The break from life on tour has enabled Li to continue a course in Sports Training with Shenzhen University, and he has also spent time competing with compatriot Wu Ashun on the golf simulator.

"I was be able to finish some college courses which I missed out in the past. And playing a few times on the CGA Simulator Challenge with my tour buddy Ashun was fun," he said.

He misses competition "a lot", however, and cannot wait to tee it up again to get the adrenaline flowing once more. "(I've missed) the cheering crowds, all my friends on tour, and mostly the exciting feeling that you get after making a nice shot during competition," he said.

The health situation has served to remind Li to value what he has achieved in his short but successful career thus far, which includes the two victories on the European Tour. He won three times on the 2014 PGA Tour Series-China en route to becoming the No 1 on the developmental circuit.

"Luckily, none of my family and friends were affected by the virus directly. My mom has been very cautious, and when I was still out there playing on tour months back, she always shared tips with me and reminded me to wash my hands often and wear masks," he said.
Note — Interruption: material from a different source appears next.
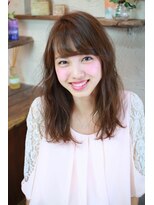 トヌコア ルア 下北沢店(TONUKOA RUA)&nbsp;【TonukoaRua】脱力ゆるウェーブのラベンダーピンク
"We lost lives every day. All industries got hurt and people got worried about jobs and income. I believe we will get over this in the end as long as we stick together and help each other."

Li is not giving up his dream of competing full-time on the PGA Tour and returning for a second Presidents Cup appearance next year when Quail Hollow Club in Charlotte, North Carolina, hosts the prestigious team event.

"The PGA Tour is a very challenging tour where you have to bring out your best game against the world's top players every week to stay high up on the ranking," said Li.

"In the past, I've played some good rounds in major events but I would need to get that stability and be more mentally strong. This is what I'm working on right now."

Despite results not going his way, Li still has fond memories of his Presidents Cup bow.

"The experience is quite unforgettable and I still feel excited about it. I believe in our captain (Ernie Els) and every decision he made.

"I could have done better in those two matches I played in but I didn't and that is the most disappointing part of my first Presidents Cup journey. But as I said just after the tournament, I believe I can prove myself if I get a chance to play again.

"I really loved the atmosphere of the Presidents Cup which you won't know until you've been there. I didn't have a great debut but I want to go back and prove myself."